### DIRECTIONS FOR THIS TASK
Only a slice of the listing below is wanted. Retype the lines from the one containing "Крёстная мать Современная" through the one containing "Affiches - Affiche", exactly, both ends included.

### EXCERPTED RECORDS
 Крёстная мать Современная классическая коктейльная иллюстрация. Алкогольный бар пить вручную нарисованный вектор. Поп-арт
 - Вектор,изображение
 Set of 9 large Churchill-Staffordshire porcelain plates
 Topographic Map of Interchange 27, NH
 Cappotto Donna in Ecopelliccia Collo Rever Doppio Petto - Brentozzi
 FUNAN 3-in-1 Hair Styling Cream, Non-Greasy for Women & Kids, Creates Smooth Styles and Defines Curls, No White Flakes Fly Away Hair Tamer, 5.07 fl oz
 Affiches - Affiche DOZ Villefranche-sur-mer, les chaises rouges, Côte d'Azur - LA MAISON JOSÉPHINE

--

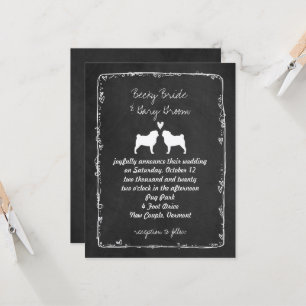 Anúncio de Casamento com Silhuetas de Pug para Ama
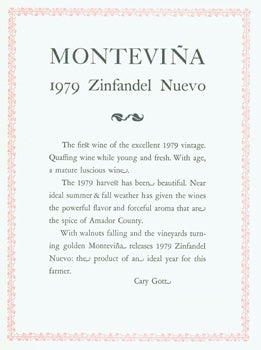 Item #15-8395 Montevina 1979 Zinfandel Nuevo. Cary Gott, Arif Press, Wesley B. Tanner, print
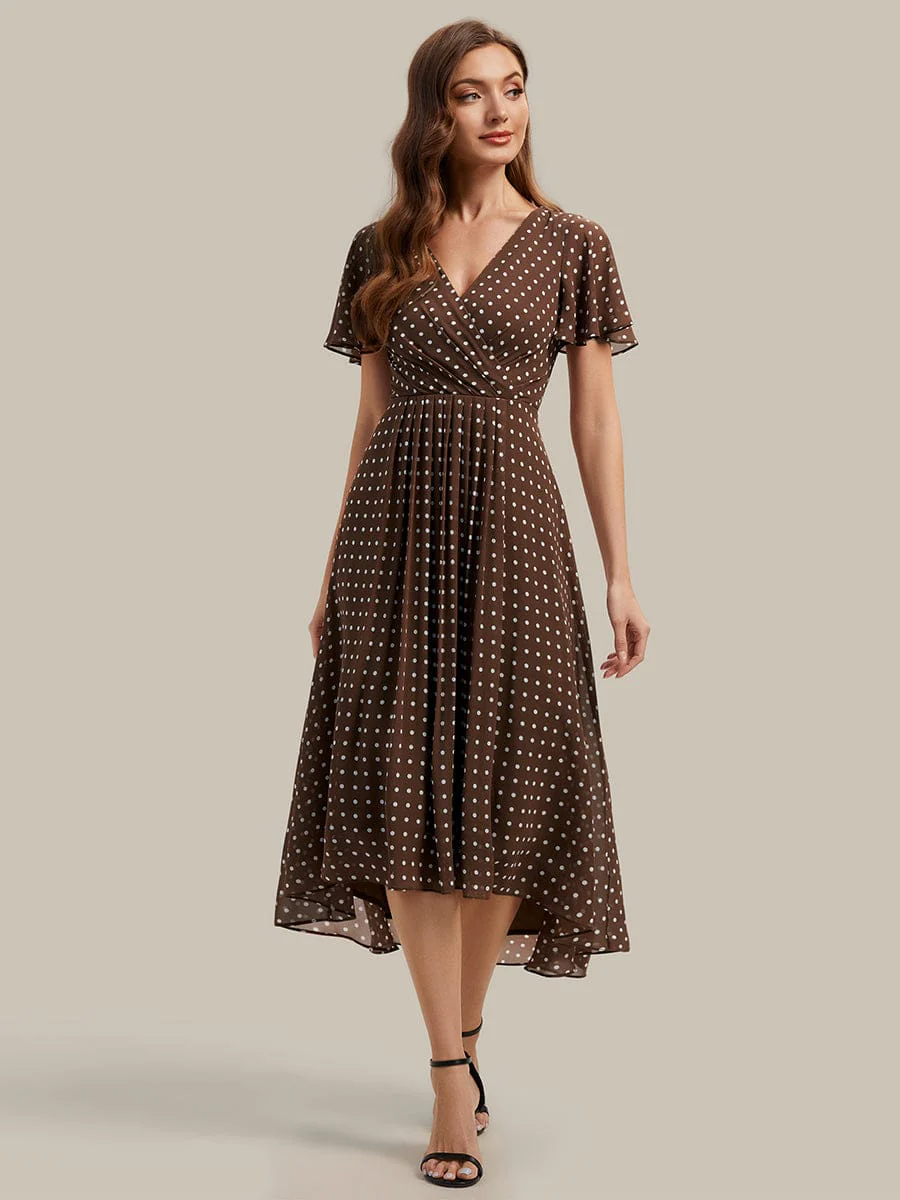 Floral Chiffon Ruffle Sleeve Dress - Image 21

### ANSWER SPACE
 Крёстная мать Современная классическая коктейльная иллюстрация. Алкогольный бар пить вручную нарисованный вектор. Поп-арт
 - Вектор,изображение
 Set of 9 large Churchill-Staffordshire porcelain plates
 Topographic Map of Interchange 27, NH
 Cappotto Donna in Ecopelliccia Collo Rever Doppio Petto - Brentozzi
 FUNAN 3-in-1 Hair Styling Cream, Non-Greasy for Women & Kids, Creates Smooth Styles and Defines Curls, No White Flakes Fly Away Hair Tamer, 5.07 fl oz
 Affiches - Affiche DOZ Villefranche-sur-mer, les chaises rouges, Côte d'Azur - LA MAISON JOSÉPHINE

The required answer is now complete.